Go with the flow in flood prediction
Floods have once again wreaked havoc across the country and climate scientists and meteorologists suggest that the problem is only going to get worse with wetter winters and rivers bursting their banks becoming the norm. A team based at Newcastle University and their colleagues in China have developed a computer model that can work out how the flood flow will develop and where flooding will be worst based on an understanding of fluid dynamics and the underlying topology of a region.
Writing in the journal Progress in Computational Fluid Dynamics, Newcastle civil engineer Qiuhua Liang and colleagues and Chi Zhang of Dalian University of Technology and Junxian Yin China Institute of Water Resources and Hydropower Research in Beijing explain how they have developed an adaptive computer model that could provide accurate and efficient predictions about the flow of water as a flood occurs. Such a model might provide environmental agencies and authorities with a more precise early-warning system for residents and businesses in a region at risk of flood. It could also be used by insurance companies to determine the relative risk of different areas within a given region and so make their underwriting of the risk economically viable.
The model is based on a numerical solution to the hydrodynamic equations of fluid flow . This allows the researchers to plot the likely movement of water during a dam break or flash flood over different kinds of terrain and around obstacles even when flood waves are spreading rapidly.

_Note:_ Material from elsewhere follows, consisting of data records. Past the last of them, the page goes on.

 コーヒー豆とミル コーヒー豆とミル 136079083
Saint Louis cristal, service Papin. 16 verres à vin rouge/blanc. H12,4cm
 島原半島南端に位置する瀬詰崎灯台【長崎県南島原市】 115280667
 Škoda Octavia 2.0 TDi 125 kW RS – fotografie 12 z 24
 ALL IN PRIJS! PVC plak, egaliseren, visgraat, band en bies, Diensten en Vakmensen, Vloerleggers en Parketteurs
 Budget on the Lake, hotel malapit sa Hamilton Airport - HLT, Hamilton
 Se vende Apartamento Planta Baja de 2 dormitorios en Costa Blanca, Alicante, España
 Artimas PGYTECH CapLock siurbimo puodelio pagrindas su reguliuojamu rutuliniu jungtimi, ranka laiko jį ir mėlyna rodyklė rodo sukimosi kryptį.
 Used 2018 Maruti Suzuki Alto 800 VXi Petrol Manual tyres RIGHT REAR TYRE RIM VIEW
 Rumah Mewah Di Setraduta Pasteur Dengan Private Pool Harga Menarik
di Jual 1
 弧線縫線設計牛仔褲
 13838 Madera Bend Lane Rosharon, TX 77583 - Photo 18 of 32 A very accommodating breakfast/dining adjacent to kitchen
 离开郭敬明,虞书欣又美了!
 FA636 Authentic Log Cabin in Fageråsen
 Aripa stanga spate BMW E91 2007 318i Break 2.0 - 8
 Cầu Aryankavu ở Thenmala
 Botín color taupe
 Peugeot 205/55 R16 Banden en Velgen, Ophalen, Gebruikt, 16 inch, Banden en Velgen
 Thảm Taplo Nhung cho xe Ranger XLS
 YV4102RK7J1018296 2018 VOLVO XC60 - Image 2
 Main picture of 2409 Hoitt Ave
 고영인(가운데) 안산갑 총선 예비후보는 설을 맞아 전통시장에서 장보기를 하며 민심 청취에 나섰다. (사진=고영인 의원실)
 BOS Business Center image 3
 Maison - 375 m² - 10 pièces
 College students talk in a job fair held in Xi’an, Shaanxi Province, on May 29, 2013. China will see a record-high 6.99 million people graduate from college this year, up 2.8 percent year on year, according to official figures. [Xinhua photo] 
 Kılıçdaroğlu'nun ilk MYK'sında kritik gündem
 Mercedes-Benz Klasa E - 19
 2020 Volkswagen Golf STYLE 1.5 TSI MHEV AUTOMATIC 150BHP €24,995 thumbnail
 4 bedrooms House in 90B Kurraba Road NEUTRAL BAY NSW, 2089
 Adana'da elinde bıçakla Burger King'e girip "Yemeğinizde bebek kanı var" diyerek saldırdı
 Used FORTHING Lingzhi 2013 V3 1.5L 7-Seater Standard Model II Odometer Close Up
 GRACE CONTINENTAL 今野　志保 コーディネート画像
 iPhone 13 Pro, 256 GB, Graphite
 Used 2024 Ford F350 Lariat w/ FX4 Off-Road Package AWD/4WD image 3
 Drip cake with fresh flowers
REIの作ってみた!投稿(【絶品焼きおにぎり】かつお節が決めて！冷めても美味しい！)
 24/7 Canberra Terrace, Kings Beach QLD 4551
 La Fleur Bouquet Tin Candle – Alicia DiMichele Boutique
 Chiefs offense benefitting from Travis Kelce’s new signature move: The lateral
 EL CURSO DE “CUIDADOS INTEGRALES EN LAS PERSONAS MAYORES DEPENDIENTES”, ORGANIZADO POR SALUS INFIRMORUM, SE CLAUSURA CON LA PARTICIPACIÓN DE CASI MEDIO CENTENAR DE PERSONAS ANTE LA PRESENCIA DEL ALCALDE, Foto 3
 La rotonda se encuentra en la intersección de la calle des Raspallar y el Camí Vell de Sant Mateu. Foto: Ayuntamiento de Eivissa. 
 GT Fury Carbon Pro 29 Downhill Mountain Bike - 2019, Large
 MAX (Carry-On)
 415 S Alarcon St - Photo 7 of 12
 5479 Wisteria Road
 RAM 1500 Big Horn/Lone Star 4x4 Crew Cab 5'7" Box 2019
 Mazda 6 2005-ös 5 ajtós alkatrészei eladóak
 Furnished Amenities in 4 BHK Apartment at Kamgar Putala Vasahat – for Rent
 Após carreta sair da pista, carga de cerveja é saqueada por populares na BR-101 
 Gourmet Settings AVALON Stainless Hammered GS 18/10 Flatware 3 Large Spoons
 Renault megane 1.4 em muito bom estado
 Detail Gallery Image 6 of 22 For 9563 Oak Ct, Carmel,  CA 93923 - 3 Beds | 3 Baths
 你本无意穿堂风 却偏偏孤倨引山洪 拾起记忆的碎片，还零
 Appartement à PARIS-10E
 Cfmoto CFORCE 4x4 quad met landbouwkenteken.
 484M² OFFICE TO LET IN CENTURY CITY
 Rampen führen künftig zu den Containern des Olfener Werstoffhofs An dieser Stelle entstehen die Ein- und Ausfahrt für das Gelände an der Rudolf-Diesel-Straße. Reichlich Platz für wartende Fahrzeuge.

The researchers have successfully tested their model on real-world flood data.
The team points out that flood disasters have become a major threat to human lives and assets. "Flood management is therefore an important task for different levels of governments and authorities in many countries", the researchers explain. "The availability of accurate and efficient flood modelling tools is vital to assist engineers and managers charged with flood risk assessment, prevention and alleviation."